As much as photography is an art form, it’s a skill as well. And like with any other skills, you expect to improve with practice. However, at some point in your photography journey, you may feel stuck. Whether it be a creative block, inferiority complex, or the urge to do better, or anything else. Photographer Saurav Sinha has this video where he talks about five reasons why you’re not improving as a photographer:
You can’t claim yourself to be a veteran photographer just because you sit back and invest most of your time in watching tutorials and going through photography literature. Go out with your camera and practice. Implementing what you have learned is the best way to develop skills.
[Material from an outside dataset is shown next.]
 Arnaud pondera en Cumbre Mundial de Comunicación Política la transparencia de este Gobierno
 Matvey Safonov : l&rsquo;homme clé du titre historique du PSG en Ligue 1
It’s the same with creativity. Being on the field will teach you how to look at the most mundane of subjects in a creative way.
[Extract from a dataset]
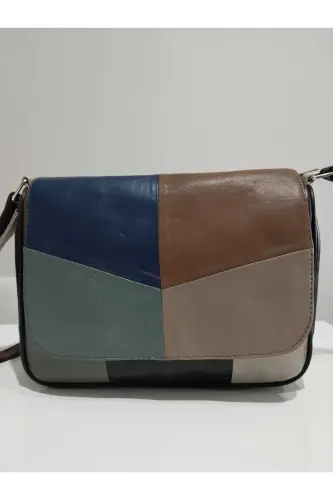 HAKİKİ DERİ KADIN ÇANTA (25CM X 20CM)-HER RENK KARIŞIK 30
“Doesn’t matter what videos, books, internet articles you read about photography if you don’t go outside and shoot.”
With a good amount of practice, you’ll be able to get the best results with any gear you have. You don’t always need the best gear there is. Instead, work to sharpen your thought process. That’s what’s more important. Analyze what and how you want to capture a scene. And once you’ve taken a shot, analyze your own work. If you like it, make a note of why you like it; what went right. And if you don’t like it, find the gap. Next, work to fill in those gaps. This is what will work as a stepping ladder to take you further.
Most of all, it’s important that you don’t stress about it too much. Patience is key to developing yourself. Be open to critics. Work with other photographers and share and learn from one another. The greatest photographers did not become “great” overnight. Learn skills, practice them, and repeat!